> What is being asked
Your answer must be the exact lines below, starting with the line with "Caution Fok-Lift trucks operating Sign" and going on through the line with "Christmas Tumbler With", both included, with no pictures.

> Records for the task
++++++

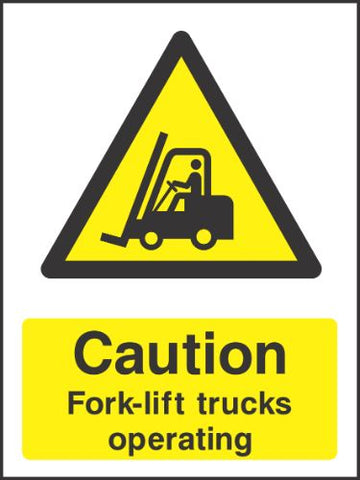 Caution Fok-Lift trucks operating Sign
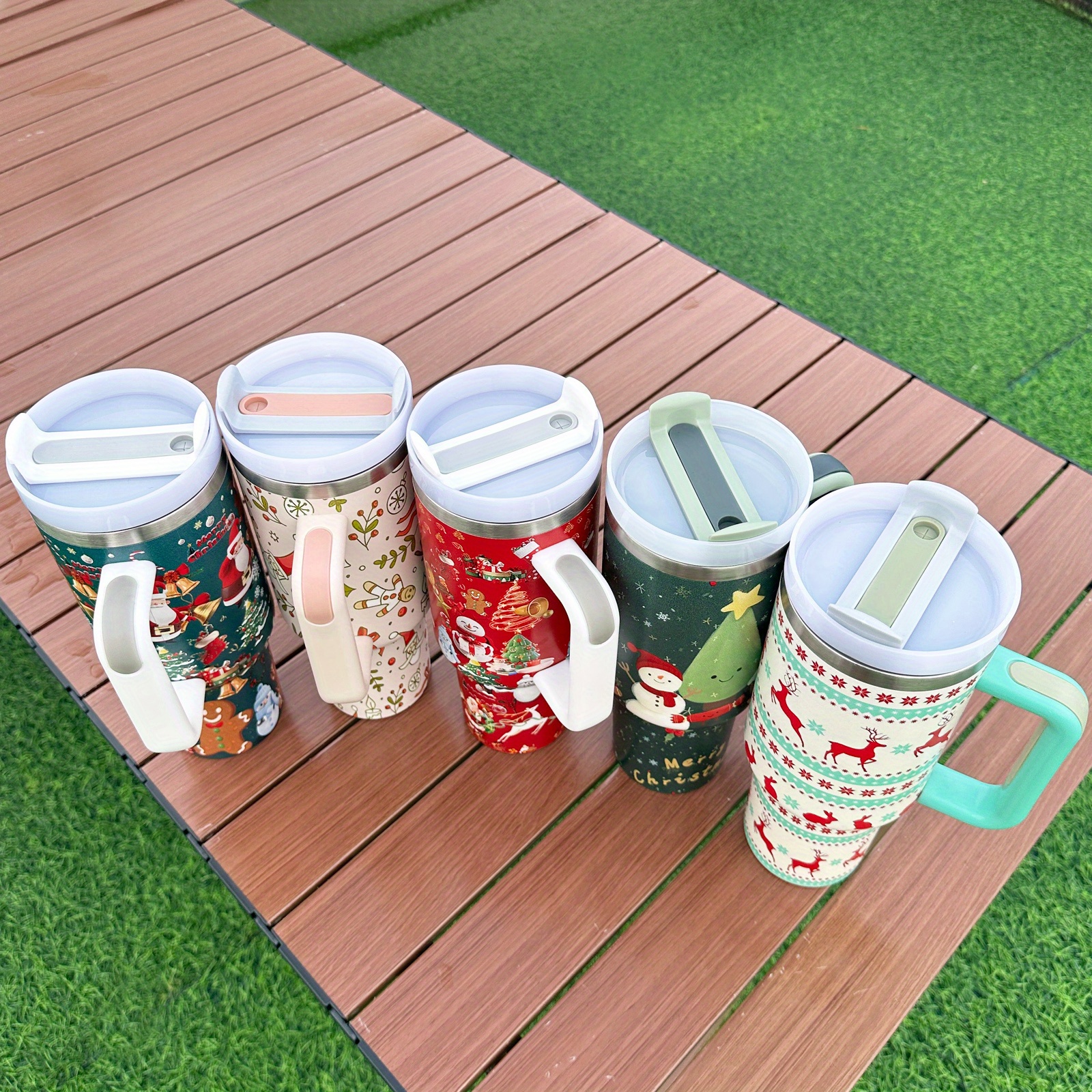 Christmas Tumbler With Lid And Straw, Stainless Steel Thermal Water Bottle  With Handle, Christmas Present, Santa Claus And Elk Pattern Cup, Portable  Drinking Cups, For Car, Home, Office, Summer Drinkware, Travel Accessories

++++++

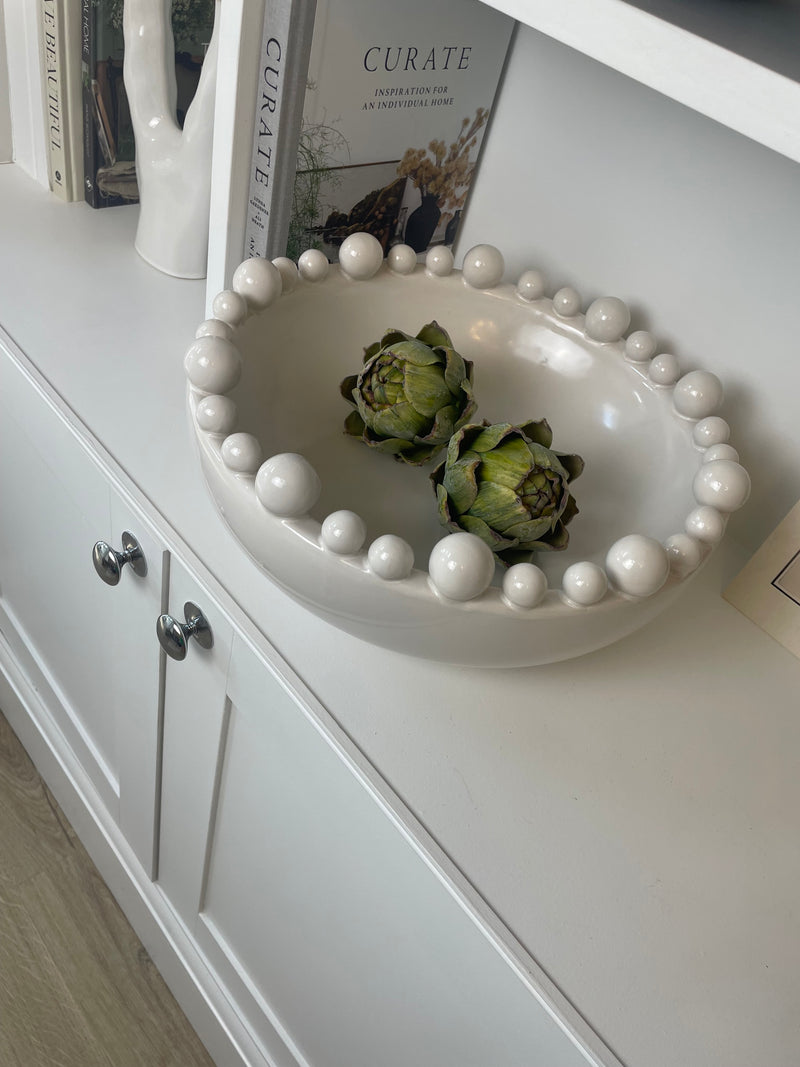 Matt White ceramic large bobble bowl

++++++

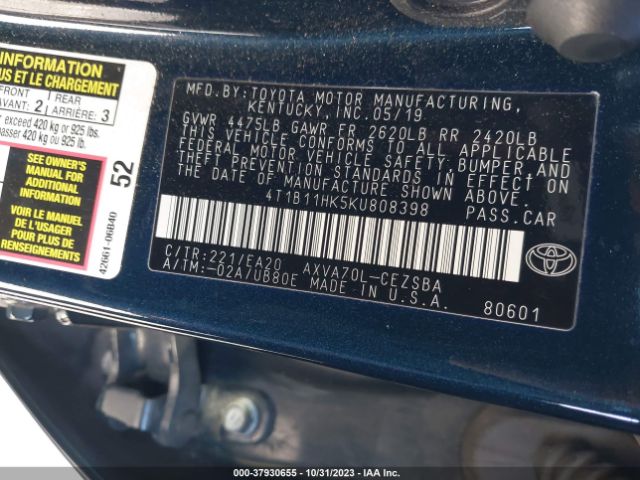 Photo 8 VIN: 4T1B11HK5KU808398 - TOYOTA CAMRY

++++++

> Answer to the exercise
 Caution Fok-Lift trucks operating Sign
 Christmas Tumbler With Lid And Straw, Stainless Steel Thermal Water Bottle  With Handle, Christmas Present, Santa Claus And Elk Pattern Cup, Portable  Drinking Cups, For Car, Home, Office, Summer Drinkware, Travel Accessories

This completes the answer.